◆ What the task asks ◆
Could you retype the lines below, starting at the line holding "Hi, everyone. My" and stopping at the line holding "I can start", inclusive? Copy them exactly and drop the images.

▼

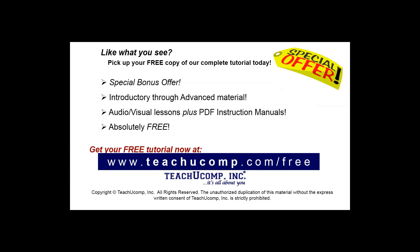Like what you see? Pick up your free copy of the complete tutorial at www.teachucomp.com.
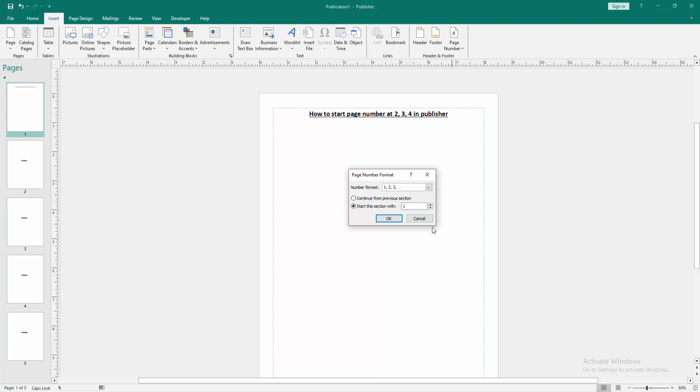Now we want to start page number. Select this one and change this. Now I start at 2, then click OK.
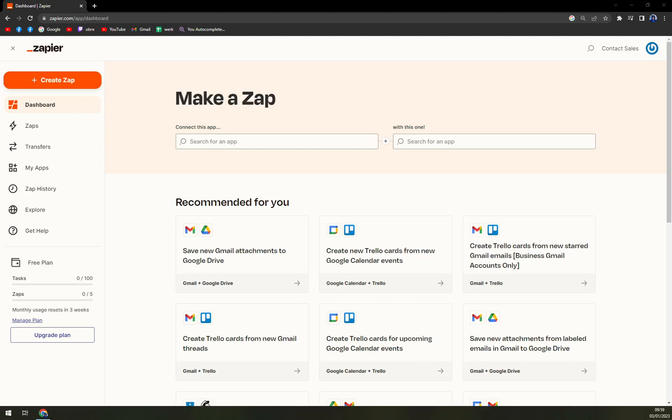Hello guys, my name is Matthew. And in today's video, we are going to integrate Google Calendar with Slack.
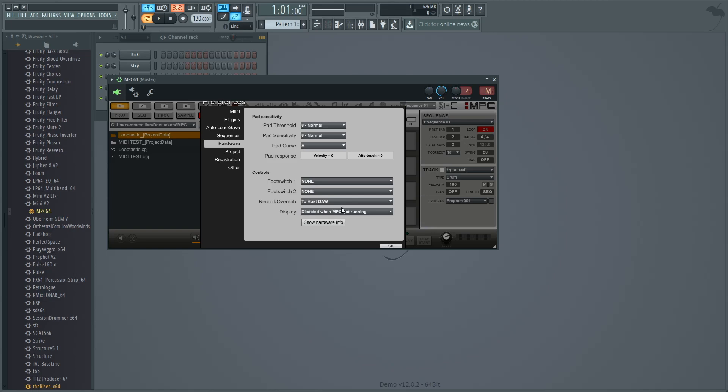This will set the MPC Touch's transport buttons to send MMC messages to FL Studio, allowing you to control play, stop, and record from the MPC Touch hardware.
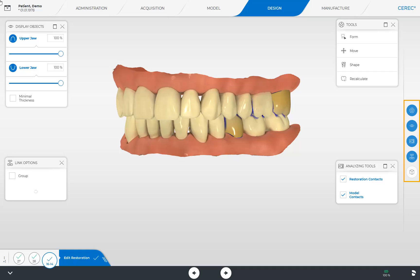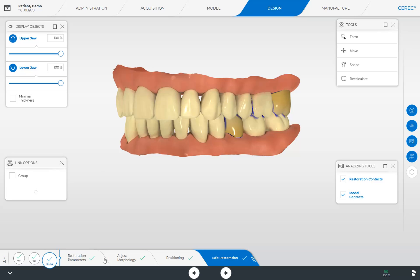In the design phase, we not only have a side panel but also a step menu, which is currently minimized. To display the full view, we tap the two parallel lines at the end of the step menu. Now we can access the steps Restoration Parameters, Adjust Morphology, Positioning, and Edit Restoration — the step we are currently in. These steps are optional, and therefore they already have green checkmarks.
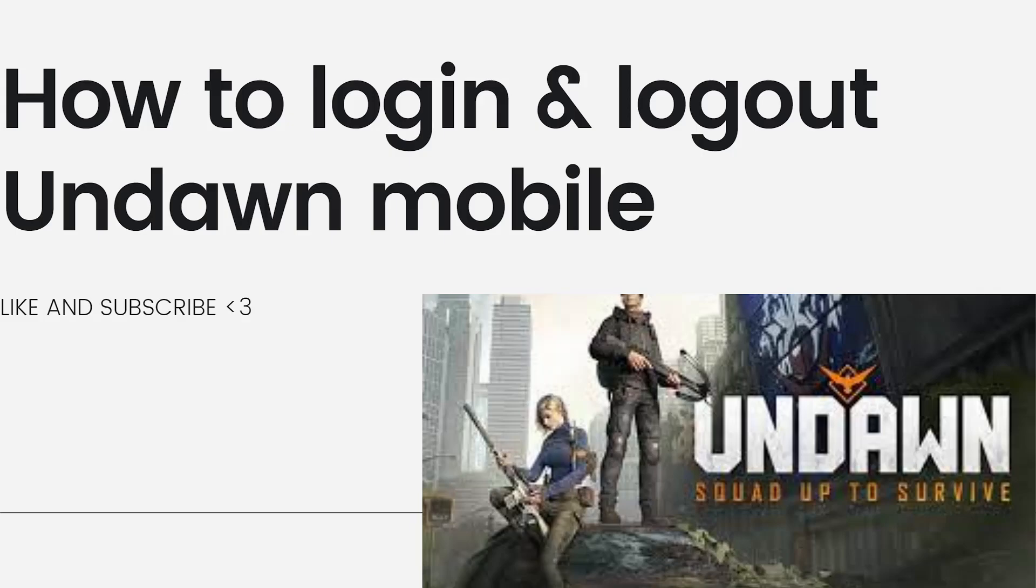So, Undawn is an upcoming mobile game developed by Tencent Games. Since the game hadn't been officially released at the time,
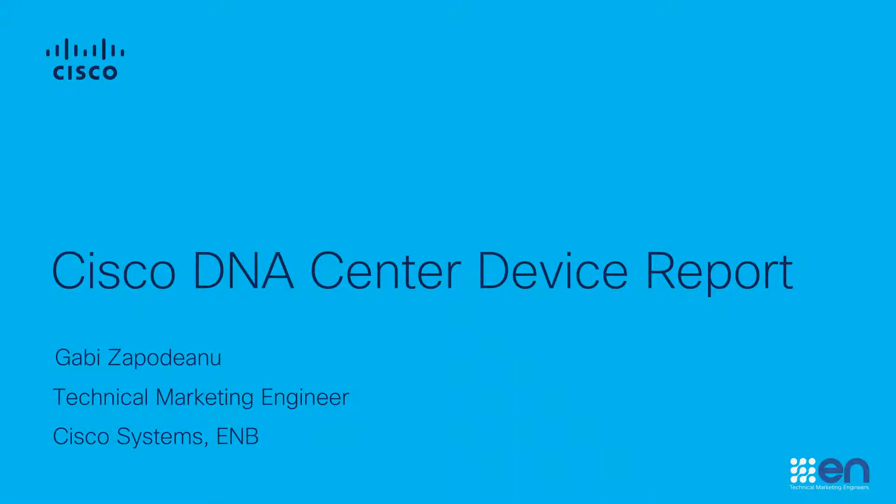Welcome, I am Gabi Zapodano, Technical Marketing Engineer, Cisco Systems, Enterprise Networking Business.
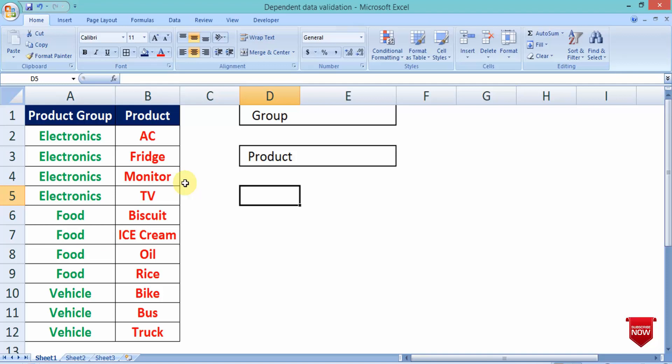Today, I am going to share a video with you. This is the most important and amazing trick in Excel. Today, I am going to show a video about how to make a dependent data validation.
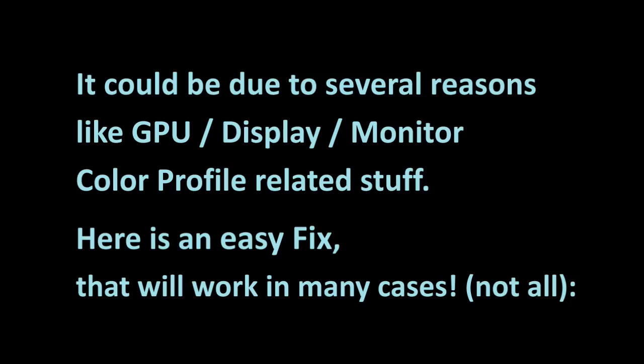It could be due to several reasons like GPU, display, monitor color profile related stuff. Here is an easy fix that will work in many cases.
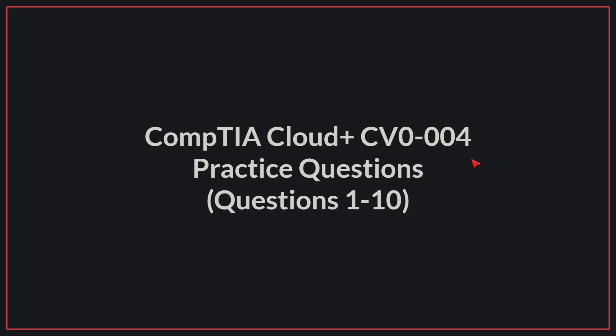Hello, today we'll be going through practice questions 1 to 10 for the CompTIA Cloud Plus exam. Let's begin.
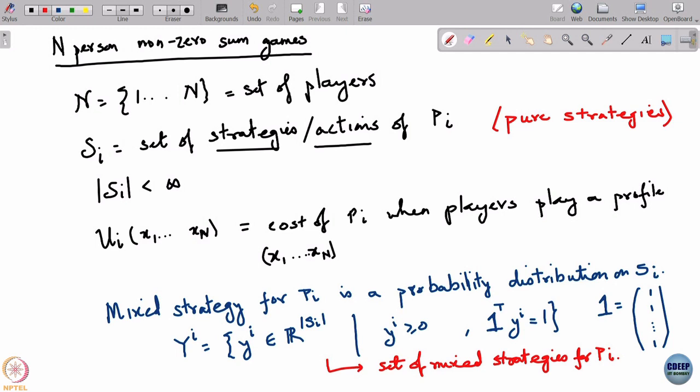Why do we need to go to mixed strategies? The reason is the same as for zero sum games, which are a special case of n-person non-general sum games. In zero sum games we did not always have a saddle point, meaning there need not be a solution if you restrict only to pure strategies. But if you allow players to randomize, then in that space there is a solution. Similarly, for non-zero sum games there is in general no solution in pure strategies, so we allow players this additional resource of randomizing over the choice of pure strategies.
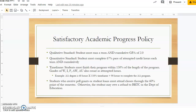Students who receive federal financial aid must also attend classes through the 60% point of each semester. Otherwise, a student may owe a refund to the school or to the Department of Education.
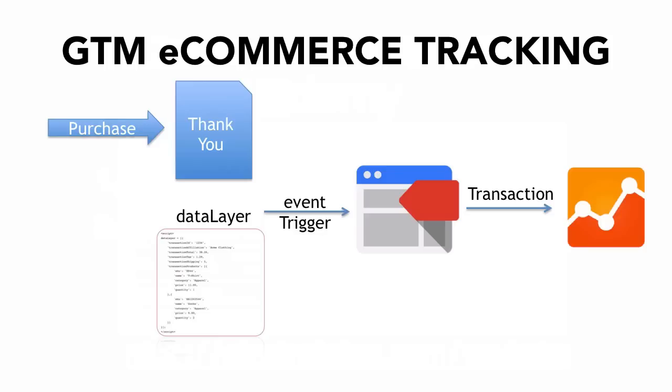Now once this data layer is available we can trigger our tag which is a Google Analytics tag but with the special feature that it is of the track type transaction. So we can take all that data from the data layer and transfer it on to Google Analytics. And we'll look at how we would set that up in a second.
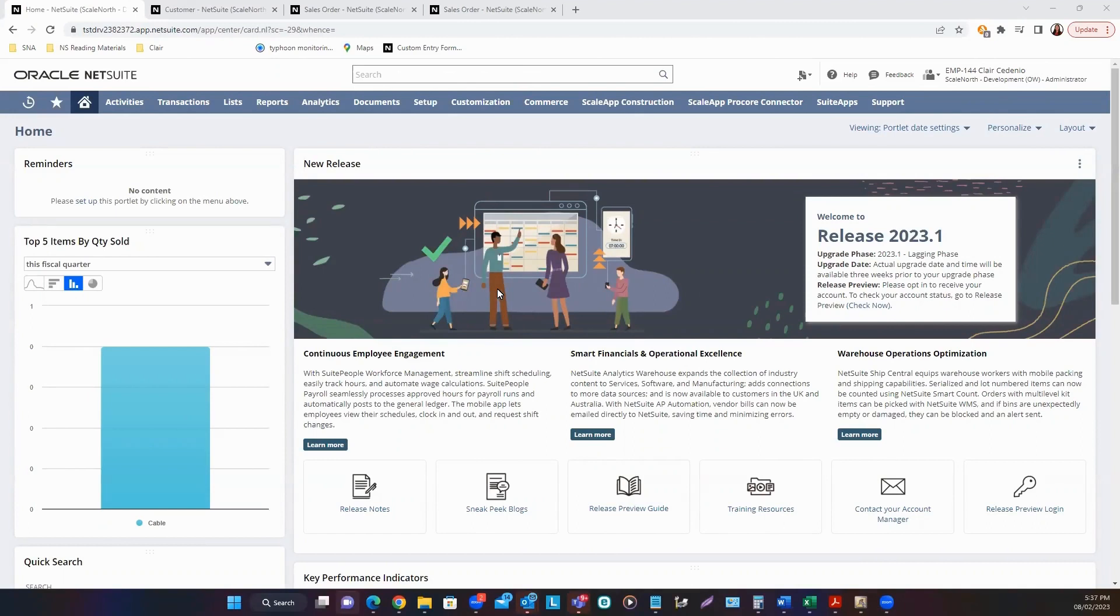Hi, everyone. My name is Claire, and I'm a Senior Functional Consultant at ScaleNord. And today, we're going to discuss how to create a sales order in NetSuite.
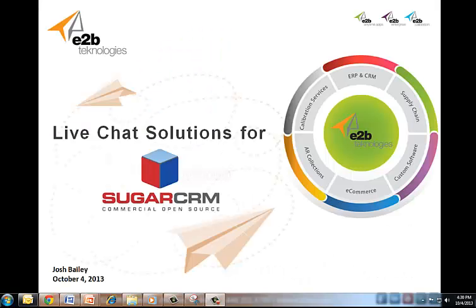Hello, my name is Josh Bailey. I represent E2B Technologies and today we're going to be talking about live chat solutions for SugarCRM.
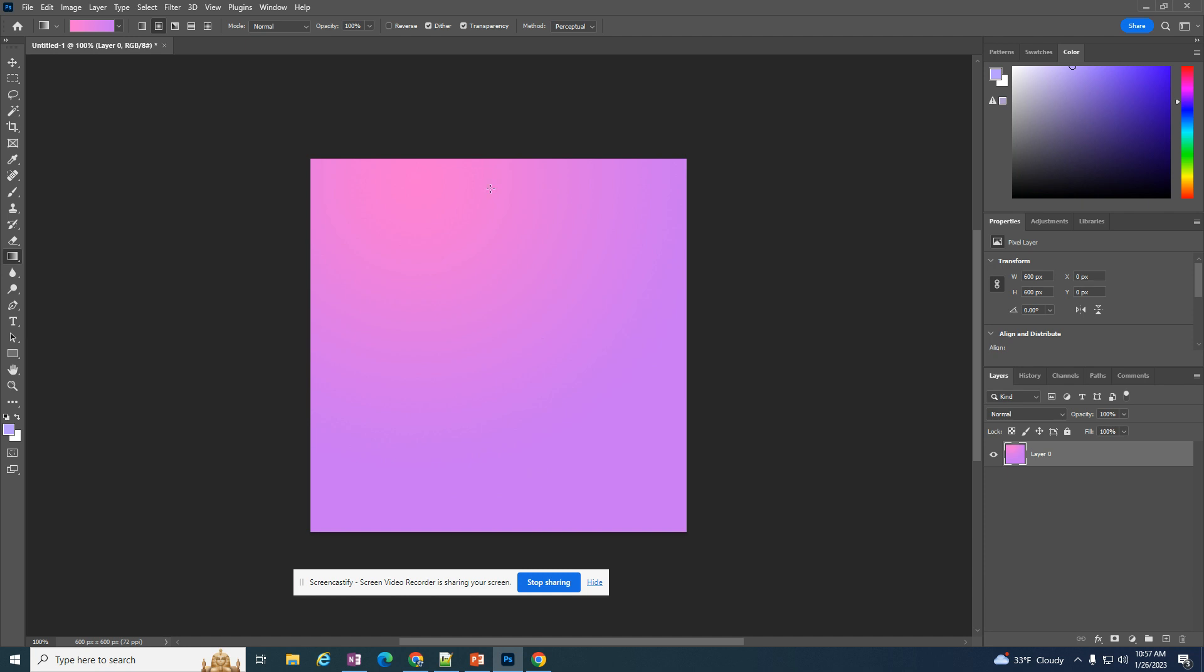I can start it in different places, so as I click and drag it's changing the way that gradient looks.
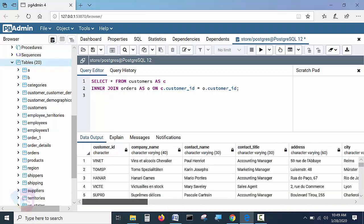Instead of seeing all columns, I'll specify only some columns — two columns from the customers table and two columns from the orders table. It's a very simple technique. Let's see how to do it.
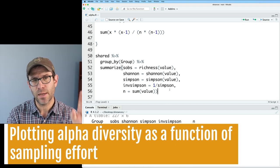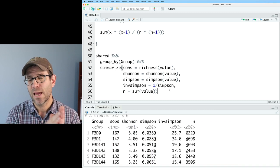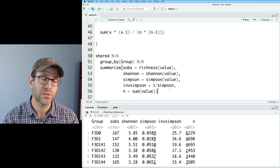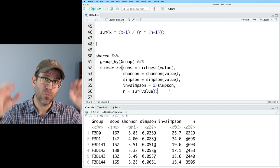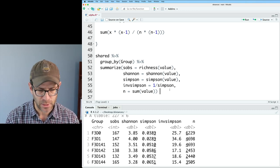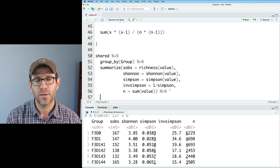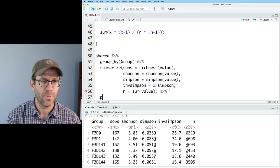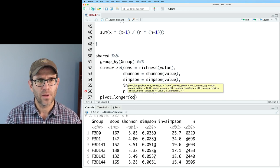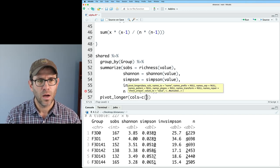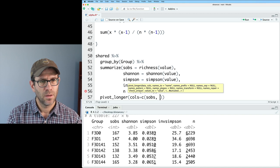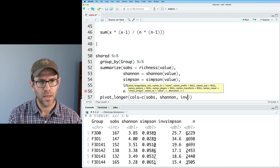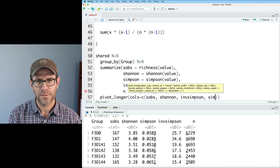So let's go ahead and plot these data. What I'd like to do is plot the four diversity metrics as a function of the number of individuals. And as we've seen before, I'd like to have four facets for each of the metrics. And so to do this, we can of course do a pivot longer. And the columns that we're going to pivot longer will be Sobs, Shannon, INV Simpson, and Simpson.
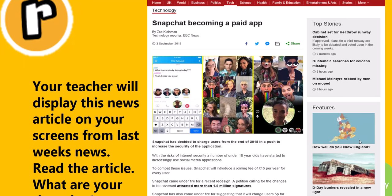Hello, Year 7. This is this week's work. The first thing you've got to do is read a news article. I want you to look at this news article on the screen, pause the video, and look out for anything that you think might be strange about this article. This should take you two to three minutes, so pause the video now.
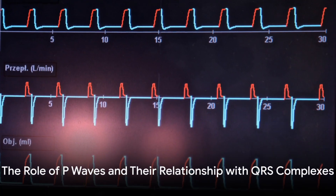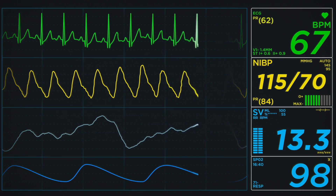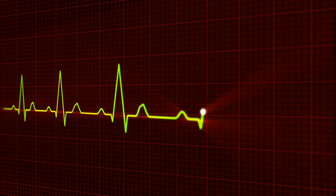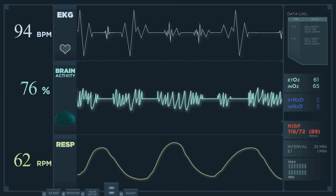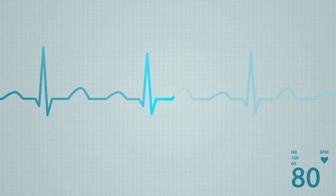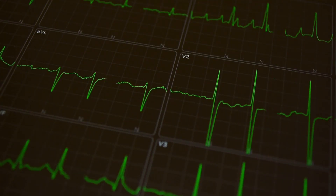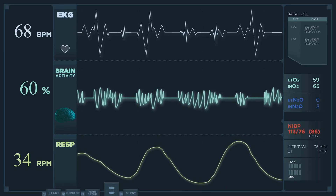Are P waves present and upright, and what is the relationship between the P waves and QRS complexes? P waves represent the electrical impulse traveling through the atria, or the upper chambers of the heart. Its relationship with the QRS complex, which signifies ventricular depolarization, is vital. A consistent one-to-one relationship indicates normal sinus rhythm. But if this pattern changes, it could be a sign of an arrhythmia.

▲

◆ Solution to this exercise ◆
Hi, everyone. My name is Claire, and I'm a Senior Functional Consultant at ScaleNord. And today, we're going to discuss how to create a sales order in NetSuite.
Hello, my name is Josh Bailey. I represent E2B Technologies and today we're going to be talking about live chat solutions for SugarCRM.
I can start it in different places, so as I click and drag it's changing the way that gradient looks.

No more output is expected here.